Should I create a mobile version of my website?

Or, should I launch a run-of-the-mill downloadable native application?

Mobile websites and apps can appear very comparable initially, but defining which is best fit for your requirements is subject to the following key considerations:

  • Customer base – who are you trying to reach out to?
  • Financial viability – how much is your CIO willing to shell out?
  • Lead time – do you need something quick and dirty or time-consuming and elegant?

Let me try to define the above terms without sounding too techie or too simplistic. I do not intend to start off another debate you would so often hear: Which is better – mobile website or native mobile app? There is always a trade-off between having a cutting-edge native app on a proprietary platform and having a slightly less advanced browser-based application that works on most handsets.

A mobile website is a mobile-ready version of your existing website that uses browser-related internet services, accessible from a handheld mobile device. It provides a usable site by stripping out some of the functionality of the main website.

A native mobile app is a smartphone application tied to your device’s operating system leveraging the device’s native features like GPS, accelerometer and camera.

Here, I would like to focus on the different aspects of choosing a mobile strategy – again, there is no right or wrong when it comes to deciding which way to go! I hope the table below helps to clear the air:

Functional Aspects

Mobile Website

Mobile Native Application

Availability / Conversion

Instantly available and accessible to users with the help of a browser

Accessible only from app market – lead time between initial engagement & action/conversion

Sharing between users

Shared easily via emails, text messages, and Facebook or twitter posts. Possible to direct consumers to mobile websites from any blog, website or print medium

Shared through app store links only.

Reachability

Cross-platform capability makes it possible to reach out to a larger audience.

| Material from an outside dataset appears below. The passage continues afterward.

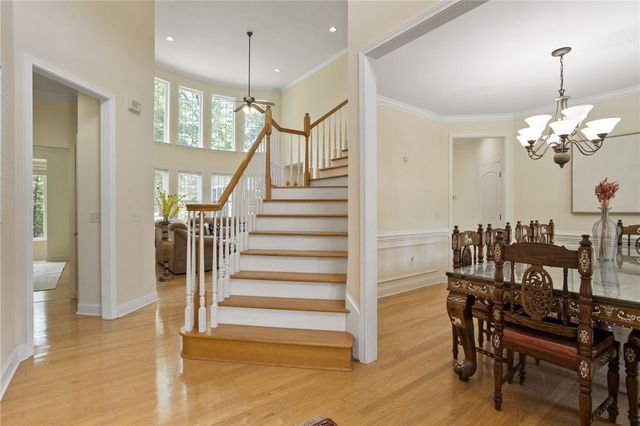 116 Augusta National, Anderson, SC 29621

Platform specific. Focus should be more on the users’ smartphone affinity.

Application Updating

Development updates are almost instantaneous and transparent to user

Changes to a native app are rendered through newer versions and download processes

Usability

Don’t play well with a mobile devices’ native resources– like accelerometer, gyroscopes etc. cannot be used

Interactive applications with full utilization of devices’ smart features

Offline Access

Offline usage is limited to offline caching – information in a form is saved on phone’s database

Offline access to information or execution of certain functions without a web or wireless link is possible

Upload Files

Specifically for iOS, mobile browser cannot access file system on the phone operating system

Not a problem whatsoever

Shelf life

Websites would live as long as the domain exists

On an average, users tend to delete an app within 30 days of installation unless it is utility based or has ‘Angry Birds’ in its title

Loading time

Browser lag comes along when using mobile websites

Faster to load as native app is queued up on the device

Approval process

Automatically approved as it is based on web

Need to filter your app through the smartphone company (like Apple) to get it approved

Cost to consumer

FREE

Depends on the level of complexity of app

ROI (Return on Investment)

Testing of mobile website on different platforms needs to be factored in. Cost effective when it comes to marketing and promotion especially with the advent of QR codes.

Investment is directly related to the number of platforms the app needs to be launched for. Promotion and marketing of app should also be factored in.

 

In addition to the above options, some companies opt for a “mobile web app” which is essentially a mobile website “wrapped up” as a mobile app. This option is a quick and dirty way to make an existing mobile website somehow appears as a mobile app. This helps to make it distributable on app markets – but may irk users who expect a true app experience.

So, all in all, it really comes down to who is meant to use your app or who you are marketing to. Web designers and developers can build device optimized web experiences that could compete with that of native apps – there could be a noticeable paradigm shift on both the business and consumer end as mobile web browsers become more sophisticated and are “allowed” to access more native resources of the mobile device.